# **Installation and Import Packages**

In [3]:
!pip install newspaper3k



In [4]:
!pip install word2number



In [5]:
from newspaper import Article
import spacy
from spacy.matcher import Matcher
import pandas as pd
import spacy
from spacy import displacy
import re
from word2number import w2n
from nltk.tokenize import sent_tokenize
from nltk.tokenize import word_tokenize
import nltk


In [6]:
nltk.download('punkt')
nlp = spacy.load('en_core_web_sm') # for ner


[nltk_data] Downloading package punkt to /root/nltk_data...
[nltk_data]   Package punkt is already up-to-date!
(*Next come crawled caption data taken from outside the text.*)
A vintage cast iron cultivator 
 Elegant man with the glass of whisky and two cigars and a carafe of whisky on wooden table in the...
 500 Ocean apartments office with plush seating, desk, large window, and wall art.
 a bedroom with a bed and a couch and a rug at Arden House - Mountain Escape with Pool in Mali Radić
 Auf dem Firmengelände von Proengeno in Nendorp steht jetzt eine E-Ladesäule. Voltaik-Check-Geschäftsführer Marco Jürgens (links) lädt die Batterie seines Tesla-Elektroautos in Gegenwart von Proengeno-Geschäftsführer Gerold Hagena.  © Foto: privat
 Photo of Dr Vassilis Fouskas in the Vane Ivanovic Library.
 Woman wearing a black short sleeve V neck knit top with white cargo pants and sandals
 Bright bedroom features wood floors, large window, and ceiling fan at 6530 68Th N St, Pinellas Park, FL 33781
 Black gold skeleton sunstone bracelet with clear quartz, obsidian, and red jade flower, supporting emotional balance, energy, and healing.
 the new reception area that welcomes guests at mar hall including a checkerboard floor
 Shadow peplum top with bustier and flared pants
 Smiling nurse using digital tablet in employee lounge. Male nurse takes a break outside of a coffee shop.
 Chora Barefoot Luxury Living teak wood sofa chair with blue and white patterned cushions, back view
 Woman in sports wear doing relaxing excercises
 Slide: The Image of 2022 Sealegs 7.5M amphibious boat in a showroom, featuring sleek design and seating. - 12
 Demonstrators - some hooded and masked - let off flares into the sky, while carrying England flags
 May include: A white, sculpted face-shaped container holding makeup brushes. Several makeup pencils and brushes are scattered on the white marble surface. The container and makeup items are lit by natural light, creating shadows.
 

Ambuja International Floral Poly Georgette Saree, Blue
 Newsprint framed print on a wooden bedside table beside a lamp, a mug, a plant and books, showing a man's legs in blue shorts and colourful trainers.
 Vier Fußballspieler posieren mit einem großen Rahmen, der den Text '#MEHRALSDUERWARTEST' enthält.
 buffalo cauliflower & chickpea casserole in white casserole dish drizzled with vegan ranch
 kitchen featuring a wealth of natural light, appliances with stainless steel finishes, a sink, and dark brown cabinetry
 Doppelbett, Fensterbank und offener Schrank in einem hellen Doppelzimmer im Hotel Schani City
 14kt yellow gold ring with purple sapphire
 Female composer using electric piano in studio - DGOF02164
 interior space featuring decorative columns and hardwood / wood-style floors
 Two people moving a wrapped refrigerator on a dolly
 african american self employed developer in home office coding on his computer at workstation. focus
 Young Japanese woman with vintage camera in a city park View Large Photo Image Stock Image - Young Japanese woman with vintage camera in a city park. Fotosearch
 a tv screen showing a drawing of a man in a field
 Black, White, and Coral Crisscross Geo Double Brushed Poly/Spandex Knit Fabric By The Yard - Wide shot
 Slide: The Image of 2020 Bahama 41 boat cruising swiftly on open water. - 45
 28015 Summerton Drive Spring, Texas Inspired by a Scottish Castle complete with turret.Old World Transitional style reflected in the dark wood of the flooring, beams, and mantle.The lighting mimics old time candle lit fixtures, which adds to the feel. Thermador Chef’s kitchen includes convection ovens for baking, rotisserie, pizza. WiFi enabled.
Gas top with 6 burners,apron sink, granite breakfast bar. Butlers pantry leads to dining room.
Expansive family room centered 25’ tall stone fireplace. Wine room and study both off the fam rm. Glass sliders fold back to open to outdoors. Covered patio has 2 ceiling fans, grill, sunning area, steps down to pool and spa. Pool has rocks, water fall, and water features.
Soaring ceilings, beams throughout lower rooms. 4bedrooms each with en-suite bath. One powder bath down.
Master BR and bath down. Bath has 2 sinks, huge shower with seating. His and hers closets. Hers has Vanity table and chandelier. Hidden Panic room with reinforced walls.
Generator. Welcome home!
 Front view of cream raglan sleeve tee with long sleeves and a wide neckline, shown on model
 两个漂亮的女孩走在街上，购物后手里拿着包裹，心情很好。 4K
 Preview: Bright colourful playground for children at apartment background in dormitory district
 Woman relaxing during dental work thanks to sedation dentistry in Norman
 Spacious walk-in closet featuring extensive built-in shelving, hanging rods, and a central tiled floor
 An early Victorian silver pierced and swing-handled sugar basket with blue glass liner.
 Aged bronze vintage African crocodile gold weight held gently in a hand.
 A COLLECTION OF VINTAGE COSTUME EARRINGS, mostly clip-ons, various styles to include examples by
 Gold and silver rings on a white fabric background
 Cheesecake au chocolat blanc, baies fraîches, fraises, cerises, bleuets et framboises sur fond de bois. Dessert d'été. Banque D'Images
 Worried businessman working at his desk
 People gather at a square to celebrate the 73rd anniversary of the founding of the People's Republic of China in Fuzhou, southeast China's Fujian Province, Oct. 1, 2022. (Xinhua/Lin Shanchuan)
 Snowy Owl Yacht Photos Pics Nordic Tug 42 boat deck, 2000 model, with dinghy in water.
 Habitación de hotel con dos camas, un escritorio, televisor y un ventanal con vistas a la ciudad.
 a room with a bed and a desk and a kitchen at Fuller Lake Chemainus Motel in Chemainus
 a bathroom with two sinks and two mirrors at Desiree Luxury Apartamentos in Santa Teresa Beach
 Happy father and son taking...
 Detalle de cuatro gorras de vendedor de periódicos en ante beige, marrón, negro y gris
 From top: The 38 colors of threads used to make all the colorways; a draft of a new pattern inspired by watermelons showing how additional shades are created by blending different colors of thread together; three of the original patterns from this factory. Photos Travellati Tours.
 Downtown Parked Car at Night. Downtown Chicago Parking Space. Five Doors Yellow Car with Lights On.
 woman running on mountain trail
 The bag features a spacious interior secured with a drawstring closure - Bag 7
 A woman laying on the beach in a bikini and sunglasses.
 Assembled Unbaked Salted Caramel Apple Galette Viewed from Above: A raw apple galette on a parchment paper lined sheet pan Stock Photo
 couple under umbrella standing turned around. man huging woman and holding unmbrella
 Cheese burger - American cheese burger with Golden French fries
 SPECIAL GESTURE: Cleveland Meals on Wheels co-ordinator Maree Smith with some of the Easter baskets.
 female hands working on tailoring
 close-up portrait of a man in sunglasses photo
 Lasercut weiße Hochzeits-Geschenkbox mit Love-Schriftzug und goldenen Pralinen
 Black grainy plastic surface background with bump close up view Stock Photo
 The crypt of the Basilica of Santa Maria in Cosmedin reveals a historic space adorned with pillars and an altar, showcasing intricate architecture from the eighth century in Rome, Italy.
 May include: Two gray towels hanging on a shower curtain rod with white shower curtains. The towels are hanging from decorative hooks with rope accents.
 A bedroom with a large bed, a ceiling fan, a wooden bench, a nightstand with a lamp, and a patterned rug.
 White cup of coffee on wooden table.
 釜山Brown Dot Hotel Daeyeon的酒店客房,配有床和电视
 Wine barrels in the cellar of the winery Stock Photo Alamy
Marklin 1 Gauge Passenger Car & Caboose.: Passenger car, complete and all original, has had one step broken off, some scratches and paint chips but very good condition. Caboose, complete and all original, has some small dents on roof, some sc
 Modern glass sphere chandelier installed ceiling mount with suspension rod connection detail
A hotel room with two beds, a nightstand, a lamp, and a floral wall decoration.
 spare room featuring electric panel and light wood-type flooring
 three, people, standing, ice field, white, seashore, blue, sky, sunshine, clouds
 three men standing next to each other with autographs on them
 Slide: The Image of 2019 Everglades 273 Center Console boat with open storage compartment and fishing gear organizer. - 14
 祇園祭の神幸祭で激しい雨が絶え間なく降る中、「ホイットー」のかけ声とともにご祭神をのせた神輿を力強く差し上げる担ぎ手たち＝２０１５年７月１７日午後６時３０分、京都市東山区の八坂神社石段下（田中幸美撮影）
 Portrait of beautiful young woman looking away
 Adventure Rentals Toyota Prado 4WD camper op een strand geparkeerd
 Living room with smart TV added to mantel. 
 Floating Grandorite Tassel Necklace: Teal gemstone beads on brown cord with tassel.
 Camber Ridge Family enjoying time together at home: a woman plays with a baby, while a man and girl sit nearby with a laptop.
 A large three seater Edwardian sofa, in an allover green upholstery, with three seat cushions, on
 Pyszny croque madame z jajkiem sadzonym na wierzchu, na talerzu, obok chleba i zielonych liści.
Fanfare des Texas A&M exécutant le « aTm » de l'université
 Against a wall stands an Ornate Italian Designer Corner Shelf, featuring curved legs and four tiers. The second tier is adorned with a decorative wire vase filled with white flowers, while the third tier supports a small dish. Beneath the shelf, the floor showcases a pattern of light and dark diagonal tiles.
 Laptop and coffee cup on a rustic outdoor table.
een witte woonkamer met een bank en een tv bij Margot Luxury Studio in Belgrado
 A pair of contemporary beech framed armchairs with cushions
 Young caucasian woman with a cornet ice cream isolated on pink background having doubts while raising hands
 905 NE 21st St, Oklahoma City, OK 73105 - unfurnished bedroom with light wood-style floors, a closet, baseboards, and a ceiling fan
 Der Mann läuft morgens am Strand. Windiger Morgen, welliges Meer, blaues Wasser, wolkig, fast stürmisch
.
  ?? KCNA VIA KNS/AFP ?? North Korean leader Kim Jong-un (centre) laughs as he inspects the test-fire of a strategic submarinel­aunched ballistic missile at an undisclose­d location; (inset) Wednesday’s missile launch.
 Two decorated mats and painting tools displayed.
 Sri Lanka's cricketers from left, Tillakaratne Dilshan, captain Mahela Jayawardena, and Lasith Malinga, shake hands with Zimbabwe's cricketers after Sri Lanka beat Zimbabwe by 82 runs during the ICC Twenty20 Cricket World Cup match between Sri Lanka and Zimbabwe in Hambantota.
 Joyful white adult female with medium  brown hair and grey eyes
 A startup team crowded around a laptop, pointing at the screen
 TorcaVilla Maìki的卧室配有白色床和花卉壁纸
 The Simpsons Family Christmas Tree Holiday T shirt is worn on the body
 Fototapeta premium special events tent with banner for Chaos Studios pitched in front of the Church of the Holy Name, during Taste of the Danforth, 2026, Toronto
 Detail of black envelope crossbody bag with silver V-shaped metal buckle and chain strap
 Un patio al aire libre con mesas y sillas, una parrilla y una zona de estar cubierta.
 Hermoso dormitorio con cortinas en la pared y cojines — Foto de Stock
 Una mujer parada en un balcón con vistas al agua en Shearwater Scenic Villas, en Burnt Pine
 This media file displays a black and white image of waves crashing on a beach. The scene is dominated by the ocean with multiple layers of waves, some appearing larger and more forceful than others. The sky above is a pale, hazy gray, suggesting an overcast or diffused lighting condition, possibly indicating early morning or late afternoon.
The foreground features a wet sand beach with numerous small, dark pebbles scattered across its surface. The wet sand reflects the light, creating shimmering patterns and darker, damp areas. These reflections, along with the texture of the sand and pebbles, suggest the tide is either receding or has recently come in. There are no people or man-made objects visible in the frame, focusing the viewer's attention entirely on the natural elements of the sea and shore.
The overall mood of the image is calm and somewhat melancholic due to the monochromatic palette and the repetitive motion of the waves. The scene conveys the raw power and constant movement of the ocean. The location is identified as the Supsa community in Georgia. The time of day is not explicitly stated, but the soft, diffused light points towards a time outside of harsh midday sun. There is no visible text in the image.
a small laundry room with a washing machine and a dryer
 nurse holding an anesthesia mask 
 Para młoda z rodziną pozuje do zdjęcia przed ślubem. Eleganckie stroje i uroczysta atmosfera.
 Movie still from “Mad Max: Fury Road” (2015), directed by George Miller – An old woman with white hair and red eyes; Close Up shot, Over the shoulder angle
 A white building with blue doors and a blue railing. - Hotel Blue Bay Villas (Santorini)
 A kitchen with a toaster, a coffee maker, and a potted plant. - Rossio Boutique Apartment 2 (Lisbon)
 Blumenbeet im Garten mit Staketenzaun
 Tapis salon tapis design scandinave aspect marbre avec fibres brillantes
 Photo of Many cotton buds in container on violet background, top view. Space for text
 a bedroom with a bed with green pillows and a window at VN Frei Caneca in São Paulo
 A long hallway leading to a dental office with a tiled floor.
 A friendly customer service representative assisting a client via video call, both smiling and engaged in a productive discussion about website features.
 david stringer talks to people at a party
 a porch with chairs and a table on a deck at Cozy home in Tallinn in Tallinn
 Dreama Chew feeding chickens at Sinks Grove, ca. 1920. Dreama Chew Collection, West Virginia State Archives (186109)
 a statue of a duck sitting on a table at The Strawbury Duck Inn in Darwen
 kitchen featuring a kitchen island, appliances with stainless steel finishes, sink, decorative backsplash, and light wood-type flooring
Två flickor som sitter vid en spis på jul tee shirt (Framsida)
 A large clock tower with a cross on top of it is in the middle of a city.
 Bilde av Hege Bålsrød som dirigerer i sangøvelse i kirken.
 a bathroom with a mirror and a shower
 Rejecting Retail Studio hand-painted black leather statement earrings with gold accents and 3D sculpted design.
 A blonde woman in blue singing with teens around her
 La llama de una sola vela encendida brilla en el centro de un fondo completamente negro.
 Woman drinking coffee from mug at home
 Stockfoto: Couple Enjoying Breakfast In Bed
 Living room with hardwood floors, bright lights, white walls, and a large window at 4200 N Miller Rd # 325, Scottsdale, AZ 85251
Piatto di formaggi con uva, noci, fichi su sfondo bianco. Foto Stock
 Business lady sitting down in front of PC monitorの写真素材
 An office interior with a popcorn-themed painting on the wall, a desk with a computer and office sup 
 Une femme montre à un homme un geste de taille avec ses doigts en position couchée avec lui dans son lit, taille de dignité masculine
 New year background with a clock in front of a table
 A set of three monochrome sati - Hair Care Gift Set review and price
# **Read BD location dictionary**

In [7]:
url = 'https://raw.githubusercontent.com/nurshatfateh/WebScraping-NaturalLanguageProcessing/main/dictionary.csv'
df = pd.read_csv(url,header=None)
df.head()
bd_dist_name = df.iloc[:,2].tolist()
bd_dist_name =list(set(bd_dist_name))  #remove duplicate name

# **Helper Function**

In [8]:
#Extract sentences from new article - look for sentence containig targe word list
def accident_related_sentences(text):
  target_words=['accident', 'die','collide','crash','kill','injure','wound','collision','plunge'] #--- can be changed/modified the list
  doc = nlp(text)
  result=[]
  for sentence in doc.sents:
        lemmatized_words = [token.lemma_.lower() for token in sentence]
        if any(lemma in lemmatized_words for lemma in target_words):
            result.append(sentence.text.lower())   # --- converted to lower case
  return result

In [9]:
# -- The funtion take accident related text and serh
def find_accident_loc(result, fulltext):
  accLocation=[]
  #location find by dictionary
  for sentence in result:
    words = word_tokenize(sentence) #[token.text for token in str(sentence)]
    for place in words:
      if place in bd_dist_name:
        accLocation.append(place)

    # location found by Name Entitiy recognition tag
  nerLoc=[]
  nerSentence= nlp(fulltext)
  for ner in nerSentence.ents:
    if(ner.label_=="GPE"):
      nerLoc.append(ner)

  return list(set(accLocation)), list(set(nerLoc))

In [10]:
# extract Age from text- required to as death/injur numbe funtion sometimes detect as target number.
# so in tht case age need to be removed from death/injure list
'''def find_age(text):
  age_=[]
  for sentence in text:
      age = re.findall(r'Age[\:\s](\d{1,3})', sentence)
      age.extend(re.findall(r' (\d{1,3}),? ', sentence))
      if len(age) == 0:
        age = re.findall(r'\((\d{1,3})\)', sentence)
      age_.append(age)
      ageList=[int(item) for sublist in age_ for item in sublist]
  return list(set(ageList))'''

"def find_age(text):\n  age_=[]\n  for sentence in text:\n      age = re.findall(r'Age[\\:\\s](\\d{1,3})', sentence)\n      age.extend(re.findall(r' (\\d{1,3}),? ', sentence))\n      if len(age) == 0:\n        age = re.findall(r'\\((\\d{1,3})\\)', sentence)\n      age_.append(age)\n      ageList=[int(item) for sublist in age_ for item in sublist]\n  return list(set(ageList))"

In [11]:
def removeAgeinfo(text):
    age_pattern = r'(\b(?:[A-Z][a-z]*\s*){1,3}),\s*(\d{1,3})\b'
    age_matches = re.findall(age_pattern, text)
    for name, age in age_matches:
      #print(f"Name: {name}, Age: {age}")
      text = re.sub(re.escape(f"{name}, {age}"), "", text)

    #print(text)
    return text


In [20]:
def find_death_injure_number(sentence):
  death_,injure_ = [],[]
  string= ""
  # print(sentence)
  for text in sentence:

    #covert all word number to numeric form
    numeric_word=[]
    text_num= nlp(text)
    for word in text_num.ents:
      if(word.label_=="CARDINAL"):
        if ' ' in word.text:
          templist= word.text.split();
          #print(templist)
          for w in templist:
            if(w.isnumeric()!=1):
              numeric_word.append(w)

        else:
          if(word.text.isnumeric()!=1):
            numeric_word.append(word.text)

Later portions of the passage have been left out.